Tiny Homes, Big Problems

Seattle will shutter tiny house village after resident lockout

The Northlake tiny house village is slated to be closed by the end of the year while Council Member Kshama Sawant and other leaders attempt to resurrect the project. (Courtesy Low-Income Housing Institute)

A tiny house village project in the Northlake neighborhood of Seattle went awry last month when employees from the Low-Income Housing Institute (LIHI) informed residents that the development would be shuttered by the end of the year. This shutdown comes seven months after the perimeter gates of the 19-bed village were locked by residents against the city and its contractors over fears of a takeover. This marks the second time the city has defunded a tiny house village program without providing an alternative housing solution for its formerly homeless residents.

The village has been named Northlake and is internally organized by Nickelsville, a group of homeless and formerly homeless residents of the village. LIHI states that its members were gradually made to feel unwelcome in the village by members of Northlake; John Travena, a resident of the village, explained that “autonomy is very important,” and that its members have attempted to “control who comes in and goes out.” Sharon Lee, the executive director of LIHI, explained that her group “know[s] that there are fundamental differences that make it impossible for us to work together.”

Many of the residents of Northlake are eager to keep the village in operation because it provides a positive, more independent alternative to the typical homeless shelter model. Village residents elect their leaders internally each week and have essentially run the property themselves by handling security, kitchen duties, and other operations as a community. The model is catching on in Seattle (albeit slowly), where residents can also host homeless members of the community in tiny homes built in their backyard.
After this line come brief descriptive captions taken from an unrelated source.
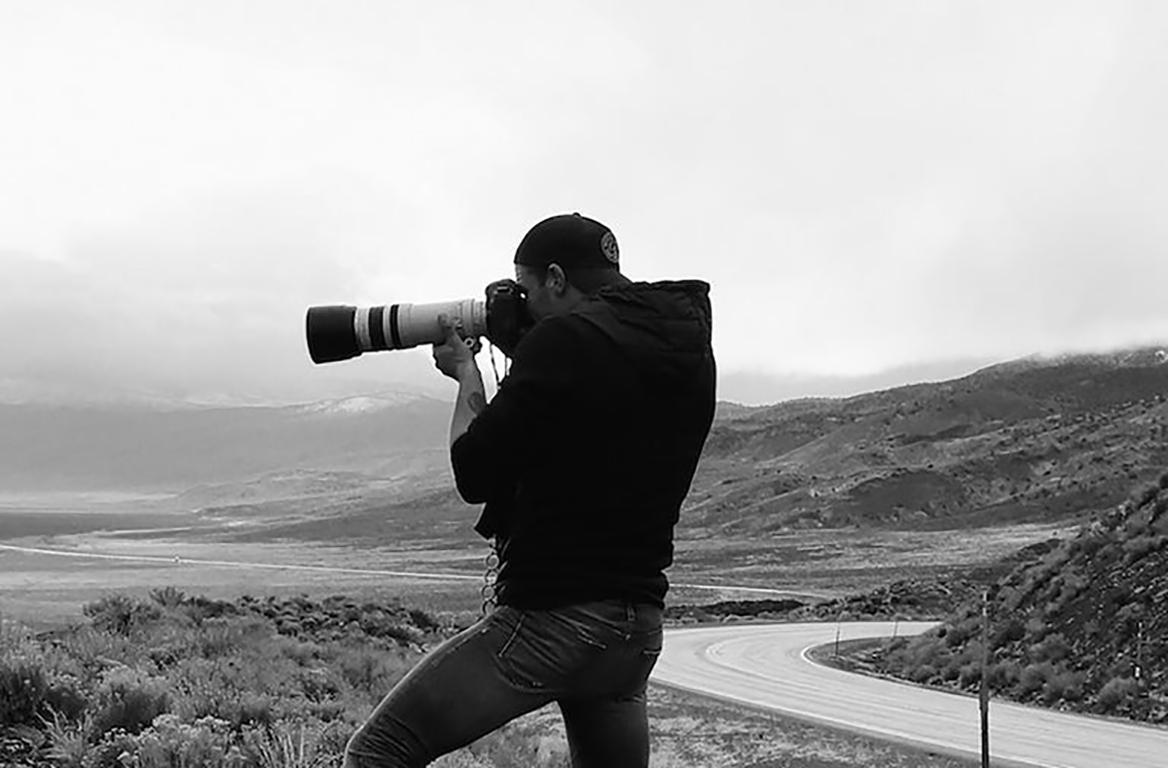 Cougar-Druck 36x48 - Fine Art-Fotografie eines Berglöwen, unsigniert (Grau), Black and White Photograph, von Shane Russeck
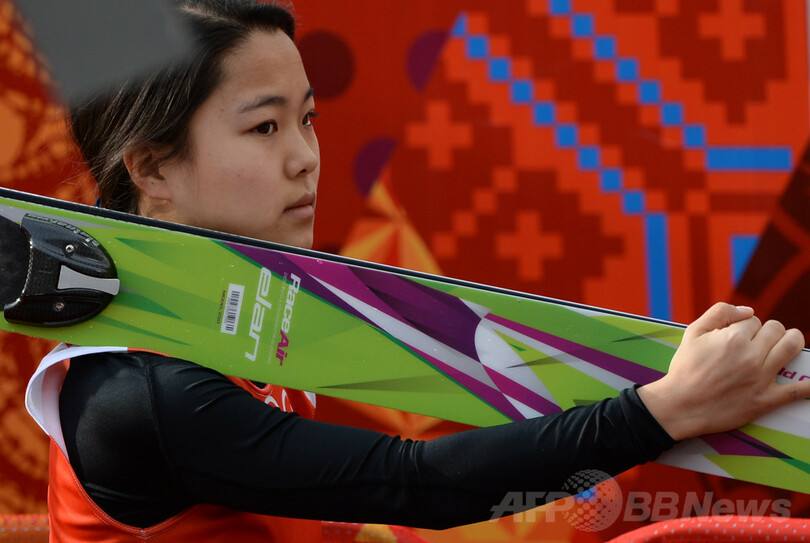 高梨が女子ノーマルヒルの公式練習に参加、ソチ五輪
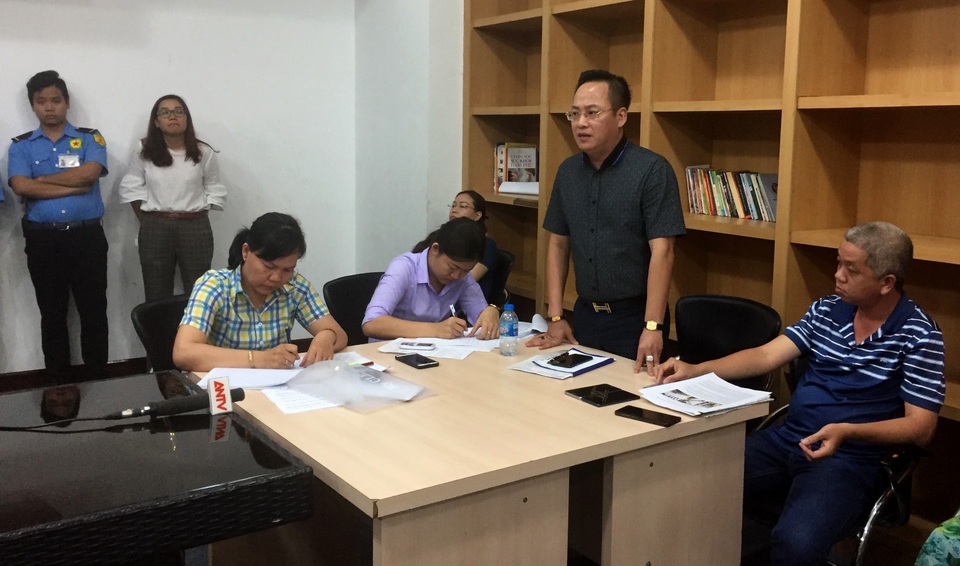Vụ bé trai nghi bị bố, mẹ kế bạo hành: Không có bạo hành? - 3 Vụ bé trai nghi bị bố, mẹ kế bạo hành: Không có bạo hành? - 3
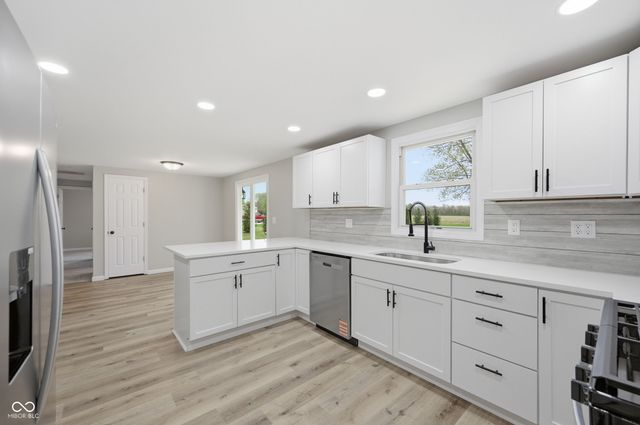 414 S 1st Street, Lewisville, IN 47352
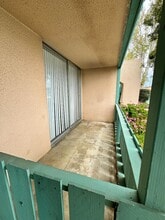 Building Photo - 450 Morse St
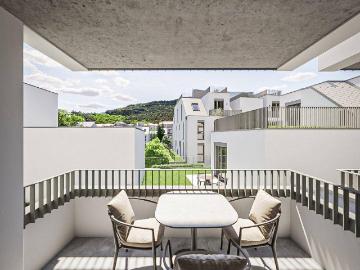 Abkühlen im hauseigenen Pool. Ihre Traumwohnung mit Terrasse oder Garten und Fernblick Nähe Maurer Wald PROVISIONSFREI !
Though city spokesperson Will Lemke stated in a press release that the village will shut down on December 31st and be returned to Seattle City Light, the city’s publicly owned electric power utility, Council Member Kshama Sawant is currently making efforts to keep Northlake in operation while developing additional tiny home villages. Brooke Brod, a Northlake neighbor and member of the village’s advisory council, said that “all of us would be very sad to see the permit not renewed at Northlake,” and imagined that “for some folks at the city, the perspective is ‘this is a thorn in our side; it will go away if we don’t renew the permit.”